Tensions were high in the western Indian city of Udaipur on Wednesday, a day after police arrested two Muslim men accused of slitting a Hindu tailor’s throat and posting a video of it on social media.
The attack represents a dramatic escalation of communal violence in a country riven by deep religious polarisation.
It comes after months of rising tensions between Hindus and Muslims, and has raised fears it will spark increased violence.
Authorities suspended internet services in the city and surrounding Rajasthan state in an attempt to prevent the video from being shared, while rushing additional police to Udaipur and banning large gatherings in an attempt to prevent religious unrest from escalating.
In New Delhi, a few dozen people associated with right-wing groups demonstrated against the killing and demanded the culprits be hanged.
In recent months, there have been a spate of attacks by Hindu nationalists on minority groups — especially Muslims — who have been targeted for everything from their food and clothing style to interfaith marriages.
Muslim homes have also been demolished using bulldozers in some Indian states, in what critics call a growing pattern of “bulldozer justice” against the minority group.
The animosity worsened in May when two spokespeople from Prime Minister Narendra Modi’s party made speculative remarks that were seen as insulting Islam’s Prophet Muhammad and his wife Aisha.
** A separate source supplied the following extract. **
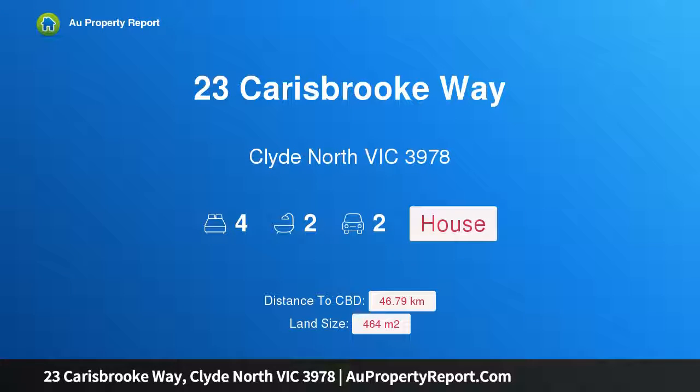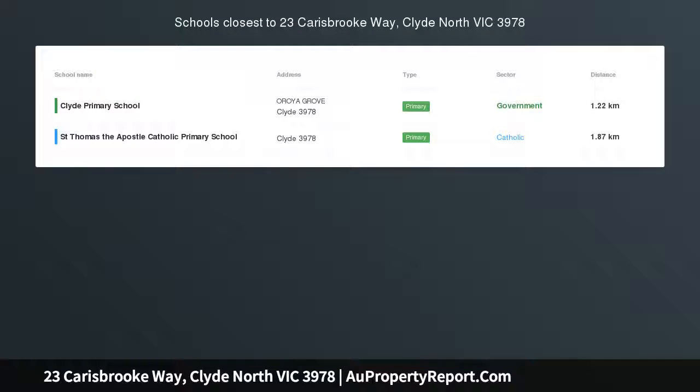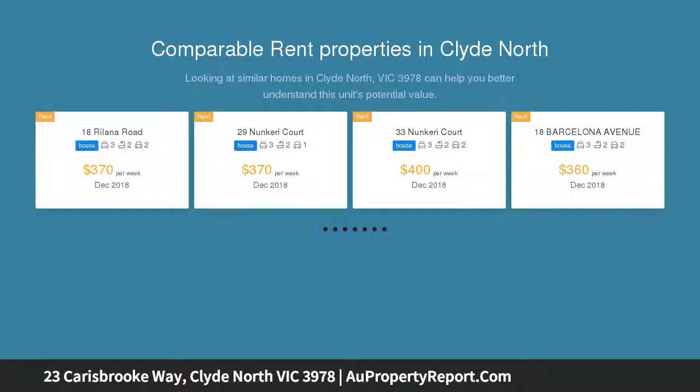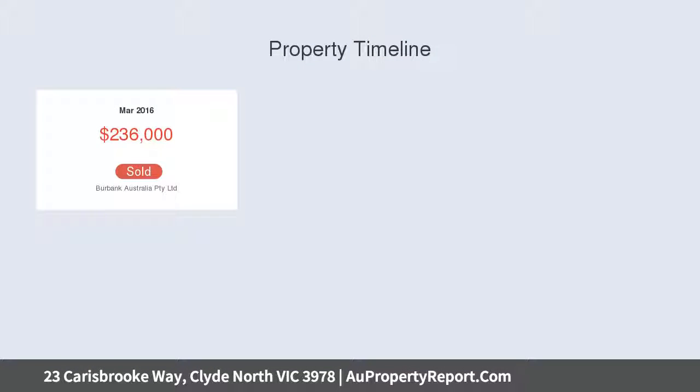Hi, I am glad to introduce property 23 Karisbrook Way, Clyde North Victoria 3978. Come home to Karisbrook. Situated on a healthy 464 square meters allotment within the new Highgrove Estate, this impressive family home is perfect for those seeking a contemporary lifestyle with all the modern must-haves.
Both were later suspended by Mr Modi’s party.
The tailor who was killed on Tuesday, identified as 48-year-old Kanhaiya Lal, had reportedly shared a social media post supporting one of the spokespeople who were suspended for the Prophet Muhammad remarks, according to local media.
The two men who were arrested a few hours after the attack, identified as local Udaipur residents Gos Mohammad and Riyaz Akhtari, posted a second video of themselves in the aftermath of the killing, accusing Mr Lal of blasphemy and threatening to kill Mr Modi in the same way. They were smiling as they sat on a couch, brandishing long blood-covered knives.
In the video of the attack itself, one of the assailants can be seen being measured by the tailor, while the other one films.
The man being measured then attacks Mr Lal with a knife, stabbing at him as the tailor desperately tries to fend him off with his hands.
The man filming then apparently drops his phone and joins the attack, and Mr Lal can be heard screaming for help as he is killed.
Police later said the men slit Mr Lal’s throat, and television reports aired footage of the tailor’s body on the ground.
Despite pleas from the police, both videos were still circulating on social media platforms a day later.
Experts worry that the latest incident could worsen India’s religious fault lines that critics say have deepened since Hindu-nationalist Mr Modi came to power in 2014.
“This gruesome incident could lead to escalated religious tensions across India, especially with the ruling party espousing a very strident Hindu majoritarian cause,” Sushant Singh, a senior fellow at public policy think tank the Centre for Policy Research, said.
“It is unlikely that this government or leadership would go out of its way to tell supporters to not get provoked, to urge for calm and peace.”
Attacks on people accused of alleged blasphemy are common in neighbouring Muslim-majority countries like Bangladesh and Pakistan. But in India, where religious tensions often boil over into sporadic riots and deadly protests, incidents of killings of this nature are rare.
Jamaat-e-Islami Hind, a key Muslim body, condemned the killing in a statement and called it “barbaric”.
“There is no room for justification of violence in Islam,” it said.